Oracle. SQL Server. DB2. MySQL. PostgreSQL. Despite the fact that these are the five most popular enterprise databases, they’ve become a bit dull over the past three years. Since the NoSQL movement began in 2010, new data stores have offered such a diverse array of use cases, it would seem that almost any traditional database could now be replaced by some specialized data store.
But despite the NoSQL revolution being the cause of this new springtime for databases, not all the green shoots are NoSQL. There are new databases cropping up, or just now maturing, in all manner of technical areas. There are new graph databases, new time-series databases, highly expandable key-value stores, and even new takes on the relational model.
Like most tools in any type of job, using the right database in the right place can make the difference between success and failure. That’s why choosing a database has gone from being one of the easiest decisions your team has to make to one of the hardest.
So, then, we set out on a trip through this verdant and growing meadow of data stores. Which one is right for you? That depends entirely on your use case.
NoSQL can mean two things: No SQL, or Not Only SQL. It is the latter that many NoSQL companies tout when offering their data stores as a supplement to existing relational databases. But just because you need fast response times and highly scalable transactions doesn’t mean you have to throw SQL out entirely.

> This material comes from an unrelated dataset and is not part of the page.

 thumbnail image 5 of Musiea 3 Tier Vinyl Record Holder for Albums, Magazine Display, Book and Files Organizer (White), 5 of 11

Still, the challenges, for both new and old relational database players alike, are to focus on the strengths of your data store, and to make sure developers understand what the best use case for your software is.
Scott Jarr, cofounder and chief strategy officer of VoltDB, said that his company has found the sweet spot for its SQL-based relational data store that focuses on Java-based stored procedures. “I think that we are in a state of incredible noise and confusion in the market, and part of that is a natural stage of a market that is in its early stage and growing fast,” he said. “People are no longer looking at the individual products. Instead, they’re saying ‘I’ve got a particular problem,’ and then they’re starting to look at the databases that are options to them.
“Our challenge has been identifying what that use case is, and figuring out how we talk about it. It’s been quite clear to us as we’ve accelerated that our use case is very simple: It’s high-velocity in-bound transactions, like stocks, or the Web. It’s about making decisions on them in real time, and they’re looking at real-time analytics on it. That was news to us two or three years ago. The real-time analytic component became a very unique third leg to that stool. Being able to look at the analytics in real time is very important.”
Naturally, SQL databases don’t have to live in a vacuum. The moniker “Not Only SQL” is aptly applied in the enterprise, where massive databases aren’t going to be replaced overnight by some hot new NoSQL. But having giant data stores already in place doesn’t limit one’s access to NoSQL technologies. Using NoSQLs as a front for existing databases is a great way to spread the benefits of NoSQL without losing the relational benefits on the back end.